The rest of the day was spent in rest and resuscitation. Evening was for shopping time for the ladies in Khadi bhandar. Various trinkets and other sundry things found their way into the shopping bags.
Next day we went to Betaab valley, so named since the movie, Betaab, was shot there. It was a most captivating place and is a must visit for all. The children had lots of fun, what with sundry Icecream and snacks shops in the vicinity. We also visited Chandanwari nearby, which is a starting point for the Amarnath Yatra. Here we did not take up the offer of striding on the horses once again to roam around the place. Just spent a few minutes in the nearby shops selling variety of Kashmiri shawls and these got added to our shopping carts. The evening was spent roaming near the hotel and going near the cool river bank, the clear waters of the river beckoning us to drink it.
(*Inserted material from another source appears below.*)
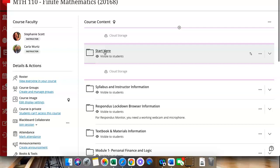So, good luck this spring 2022 semester and I hope you have a positive experience using Blackboard Ultra.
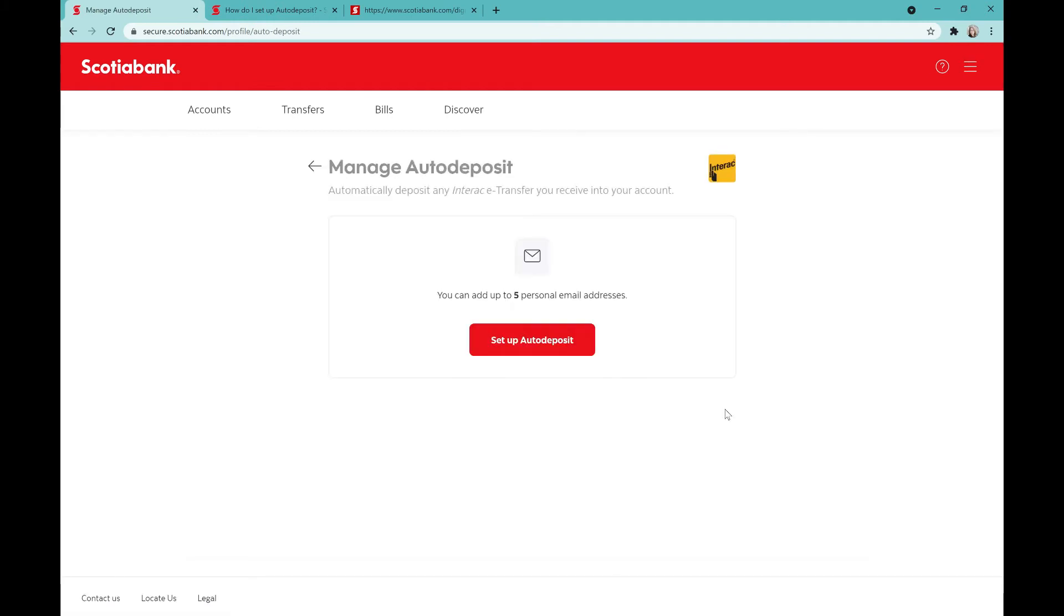Now this is going to walk you through a few steps, and if you miss one of those steps it's not going to set up, so keep watching. I'm going to click on set up auto deposit.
The next destination was back to Srinagar city and we were put up on a luxurious boat house which was owned by very gracious hosts. The journey back to Srinagar included a halt at one of the many bat manufacturing units and we were shown the entire process of bat manufacturing, right from shearing of the willow wood, to giving it a proper shape, to fitting of the handle and finally the finishing, oiling and labelling. A bat got added to the shopping cart of one of our friends.
Dal lake – it just goes on and on to eternity. The house boat was exquisitely crafted from the best wood and the interiors were high class and top notch. The entire house boat was ours. Upon entering, you were welcomed into a huge hall with a dining table on one side and plush antique style sofas on the other. A TV was placed in a corner and on top there were expensive chandeliers. Beautiful Kashmiri paintings adorned the walls and one end opened to a sitting area which was under an open sky. It was a beautiful setting with the entire lake spread out in front of us. Another wall of the house boat had a window, which was used as an entrance by sundry hawkers who row by in their small boats . This was a new thing for all of us and we were looking out for such hawkers. In the morning, the flower sellers came by with beautiful Kashmiri lotuses, roses, daisies, daffodils, marygolds and tulips. Such vibrant colours and freshness of the mornings forced us to buy them every morning we were there. Then came the hawkers of vegetables. These too were fresh but since our better halves were not in the mood to enter the kitchen, we skipped them. Instead these vegetables were bought by our hosts to serve us. The evening time, the hawkers of Kashmiri paper mache items. These are made from paper pulp which is first dried and then different articles are prepared. After the shapes of tortoises, birds, elephants, various sizes of boxes are made they are then beautifully hand painted with shiny varnish vibrant colours. These are too beautiful to look at and quite sturdy as well. As you guessed it right, many of such products made an entry into our shopping bags.
Sonmarg – it is said that a visit to Kashmir is not complete unless you visit Sonmarg. Sonmarg is a valley situated on the banks of the Nallah Sindh, a tributary of the Jhelum river. Situated at a distance of @85 kms. from Srinagar, we covered the distance in our tempo traveller to be welcomed in Sonmarg by who else – the horses. This time we had no choice but to mount the horses once again and we did it with a prayer on the lips. But the ride here was better since the path was through a meadow and when we reached the glacier , we forgot everything else and dived immediately into the various activities on offer. But first you had to be well prepared, so the first thing to do, was to take gumboots on rent, so that your normal shoes don’t tear or don’t get wet and you can walk on the hard snow of the glacier. If you want to enjoy on the snow you should be ready to give full freedom to the inner child within you. So there we were trying to ski, sitting on a sledge and being pulled on the snow by someone, sliding down the gentle slopes and so many other activities. After enjoying ourselves for almost 3 hours, a totally satiated group left for the hotel again.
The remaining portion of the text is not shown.